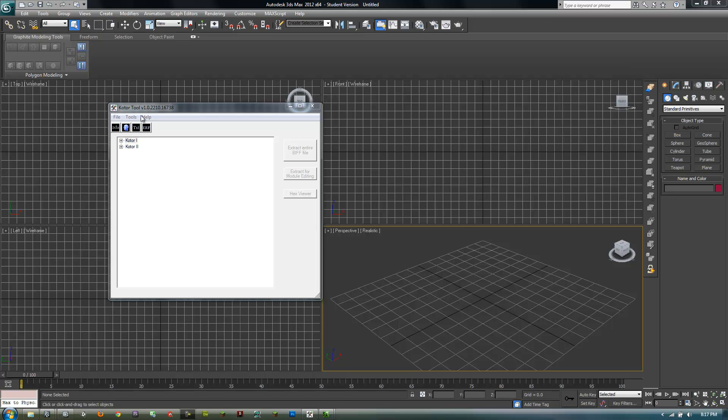Hello, today I'm going to show you how to take 3D models from Star Wars Knights of the Old Republic 1 and 2 and bring them into either 3ds Max or Maya.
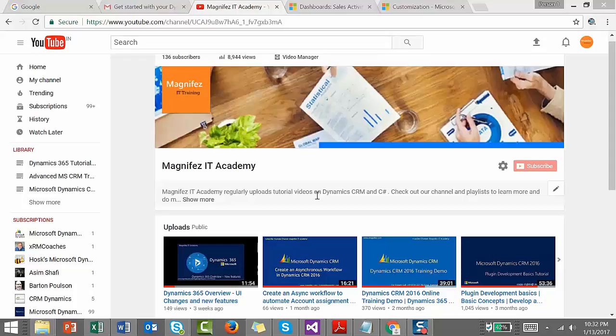Hi everyone, this is Feroz from Magnifar IT Academy. In this video we're going to look at editable grids available in Dynamics 365. Editable grids is one of the new features released in Dynamics 365, allowing you to do inline editing within your views as well as subgrids.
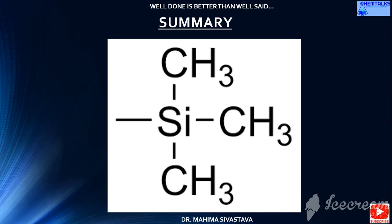Trimethylsilyl groups on the molecule have a tendency to make it more volatile, often making the compounds more useful to analyze by gas chromatography or mass spectrometry. An example of such trimethylsilylation finds application on most of the industrial scale.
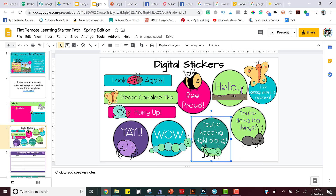So my challenge for you is to make some personalized stickers — maybe yours can say 'Miss Noack misses you' or something like that that the kids would love. Then use Keep in order to make it easier to share those stickers. Alright, bye!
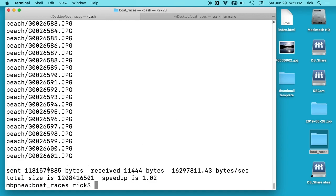Okay, so now that's finished. It tells you how much it sent over and it says speedup is 1.02. So this is how much faster it was than just copying the file.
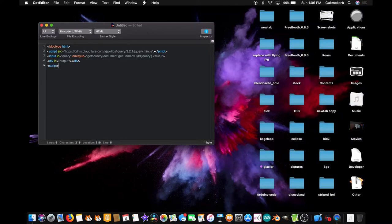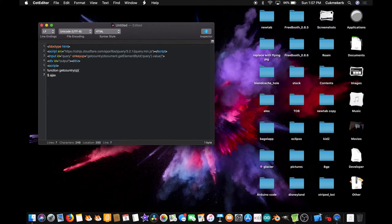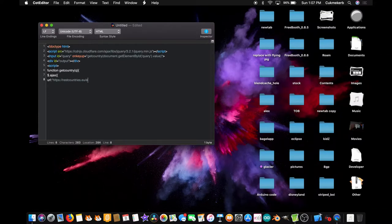Now open a script tag — this is where the fun happens. Function — to make a function — getCountry, because that's what we called the function up here. Open parentheses, q, close parentheses. Open curly braces. And inside it, $.ajax to make a request. Open parentheses, open curly braces. On the next line, url colon, open quotes: https://restcountries.eu/rest/v2/name/ — because we're going to be searching by name — close quotes, plus q. I will put a link to this in the description so you can just paste it in. Comma.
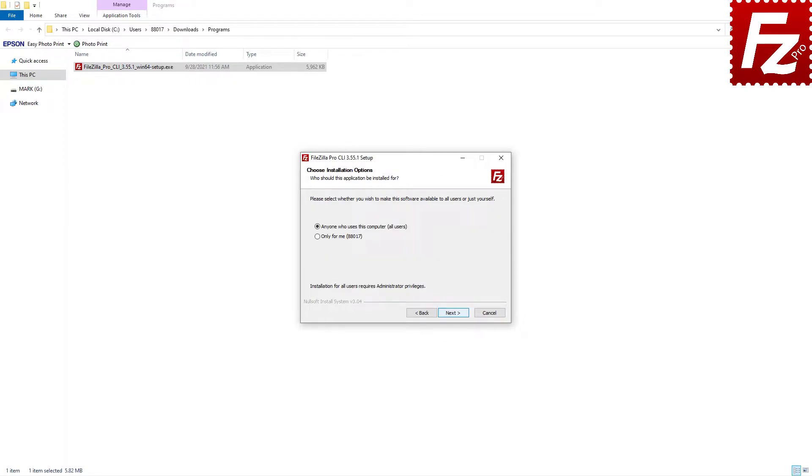FileZilla Command Line asks you to decide if anyone can use it on your computer or if it is only for your user account. Make your choice and click Next.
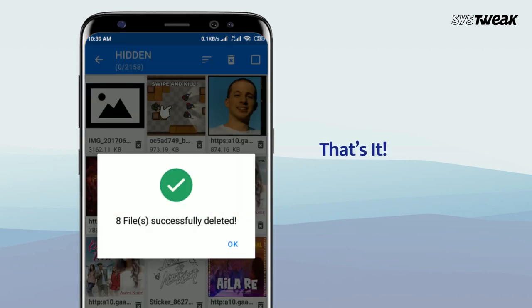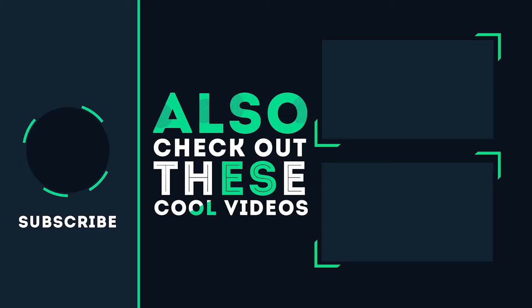Wait for the process to complete. Once done, you will get a message informing about successful removal of selected hidden photos. You have now recovered ample amount of wasted storage space. Hope you enjoy using the app. Thank you!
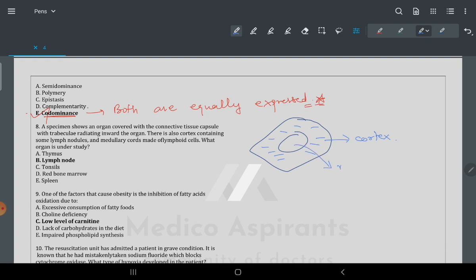This cortex-medulla arrangement is true for adrenal gland, spleen, corpus luteum, and many other hollow organs. For this question, the key trick is that it mentions lymph nodules — so this is a lymph node. The universal nodular structure gives you the answer: lymph node.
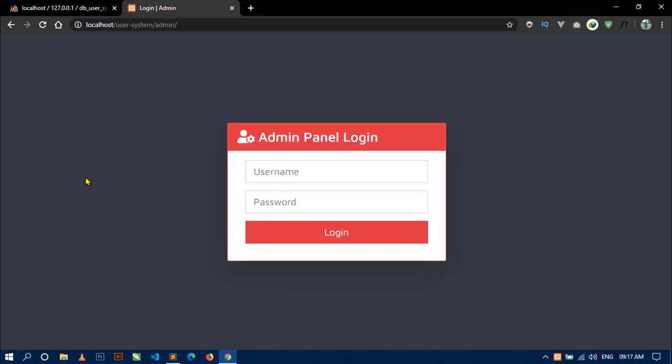Hello, welcome to Decode Mania. I am Sahil and you are watching the 21st video of the project User Management System with Admin Panel.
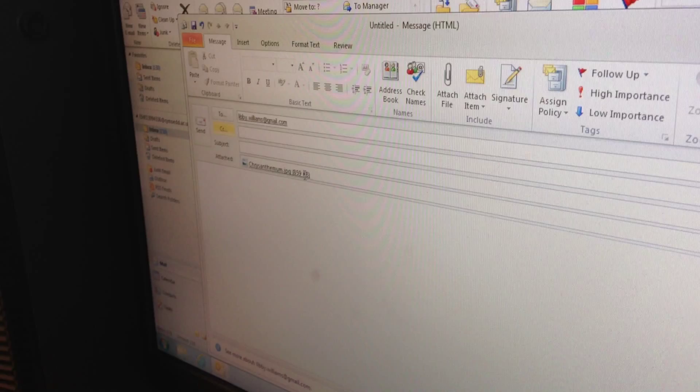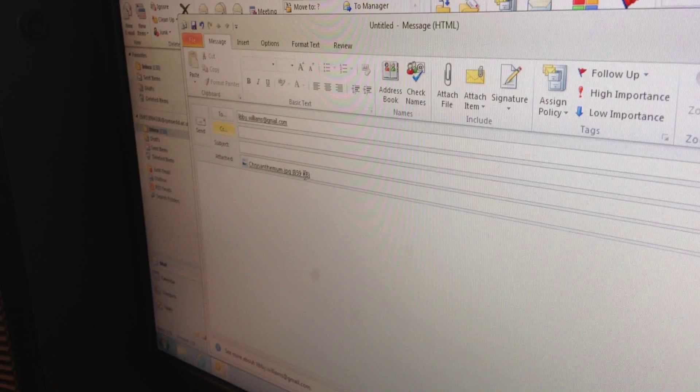And that's how you attach a file to an email. Now I'm going to send it.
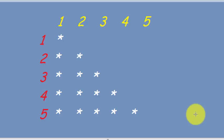Hi everyone, in this video I will show you how to print this pattern as you can see in front of your screen using C++. The numbers written in red are the rows and the numbers written in yellow are the columns. As you can see, it has five rows and five columns.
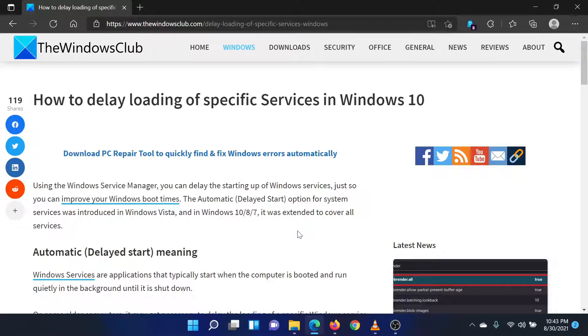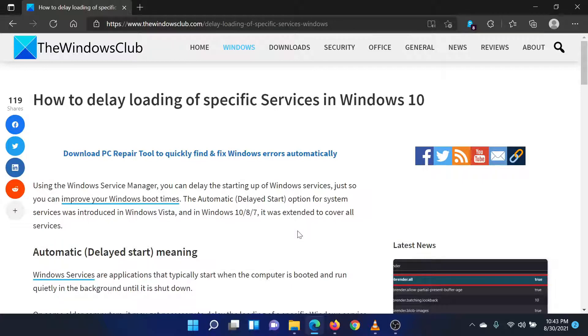Welcome to the Windows Club. If you wish to delay loading of specific services on your Windows system, then either read through this article on the website or simply watch this video. I will guide you through the procedure.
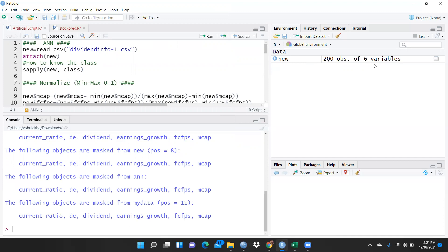In this video I'm not going to use all the variables, simply because I want to show you how artificial neural network works with one hidden layer. I have taken only three independent variables and one dependent variable. Dividend is my dependent variable — it is zero or one, where zero means people are not getting any dividend from this particular stock and one means they are getting a dividend return. I want to check the prediction of this model.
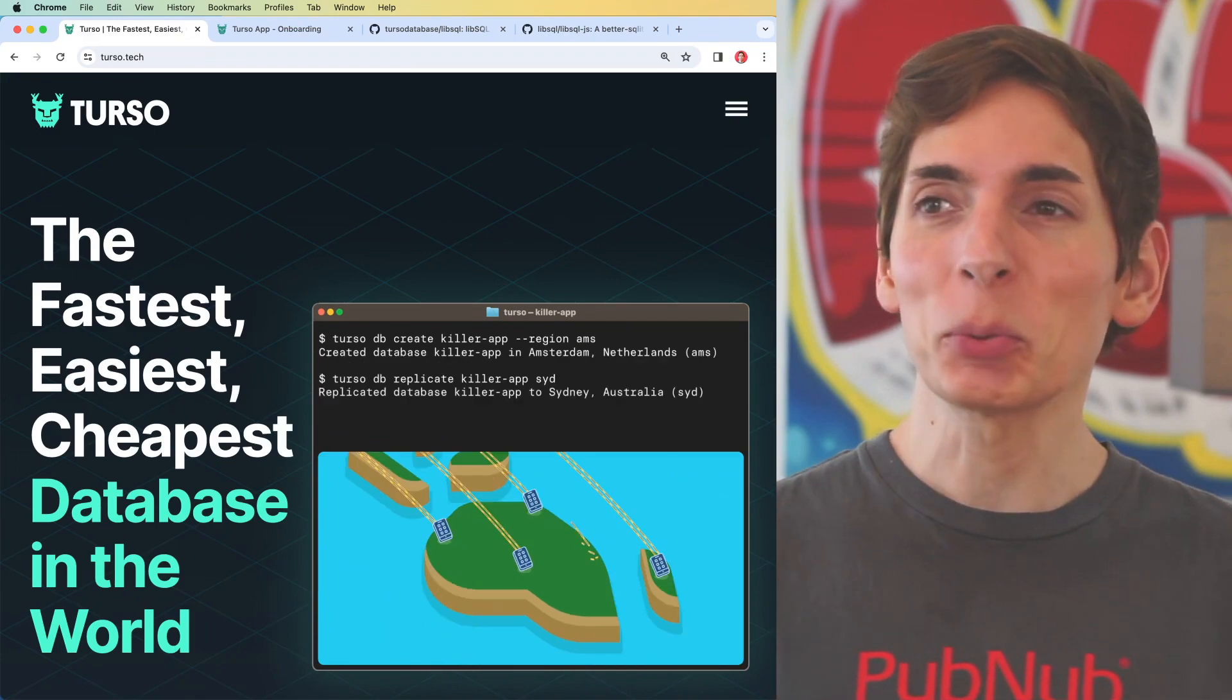Turso! The fastest, cheapest, easiest database in the world!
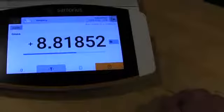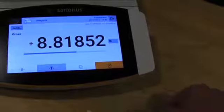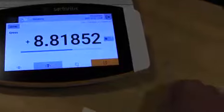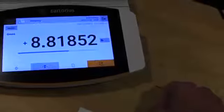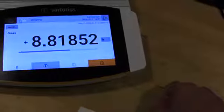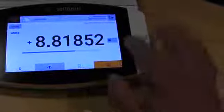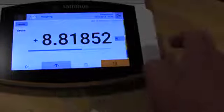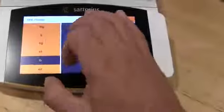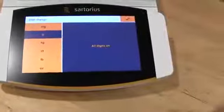So unlike other Sartorius balances, like the old CPA series where you had to go through keypads, this is just all touch screen and it's very simple.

════════════════

- **EXERCISE GOAL**
Without any pictures, please reproduce the full set of entries.

- **YOUR SOLUTION**
Hello, today I'm going to show you how to take 3D models from Star Wars Knights of the Old Republic 1 and 2 and bring them into either 3ds Max or Maya.
Hi everyone, this is Feroz from Magnifar IT Academy. In this video we're going to look at editable grids available in Dynamics 365. Editable grids is one of the new features released in Dynamics 365, allowing you to do inline editing within your views as well as subgrids.
Trimethylsilyl groups on the molecule have a tendency to make it more volatile, often making the compounds more useful to analyze by gas chromatography or mass spectrometry. An example of such trimethylsilylation finds application on most of the industrial scale.
So my challenge for you is to make some personalized stickers — maybe yours can say 'Miss Noack misses you' or something like that that the kids would love. Then use Keep in order to make it easier to share those stickers. Alright, bye!
Okay, so now that's finished. It tells you how much it sent over and it says speedup is 1.02. So this is how much faster it was than just copying the file.
Now open a script tag — this is where the fun happens. Function — to make a function — getCountry, because that's what we called the function up here. Open parentheses, q, close parentheses. Open curly braces. And inside it, $.ajax to make a request. Open parentheses, open curly braces. On the next line, url colon, open quotes: https://restcountries.eu/rest/v2/name/ — because we're going to be searching by name — close quotes, plus q. I will put a link to this in the description so you can just paste it in. Comma.
FileZilla Command Line asks you to decide if anyone can use it on your computer or if it is only for your user account. Make your choice and click Next.
Wait for the process to complete. Once done, you will get a message informing about successful removal of selected hidden photos. You have now recovered ample amount of wasted storage space. Hope you enjoy using the app. Thank you!
This cortex-medulla arrangement is true for adrenal gland, spleen, corpus luteum, and many other hollow organs. For this question, the key trick is that it mentions lymph nodules — so this is a lymph node. The universal nodular structure gives you the answer: lymph node.
Hello, welcome to Decode Mania. I am Sahil and you are watching the 21st video of the project User Management System with Admin Panel.
And that's how you attach a file to an email. Now I'm going to send it.
Hi everyone, in this video I will show you how to print this pattern as you can see in front of your screen using C++. The numbers written in red are the rows and the numbers written in yellow are the columns. As you can see, it has five rows and five columns.
Welcome to the Windows Club. If you wish to delay loading of specific services on your Windows system, then either read through this article on the website or simply watch this video. I will guide you through the procedure.
In this video I'm not going to use all the variables, simply because I want to show you how artificial neural network works with one hidden layer. I have taken only three independent variables and one dependent variable. Dividend is my dependent variable — it is zero or one, where zero means people are not getting any dividend from this particular stock and one means they are getting a dividend return. I want to check the prediction of this model.
Turso! The fastest, cheapest, easiest database in the world!
So unlike other Sartorius balances, like the old CPA series where you had to go through keypads, this is just all touch screen and it's very simple.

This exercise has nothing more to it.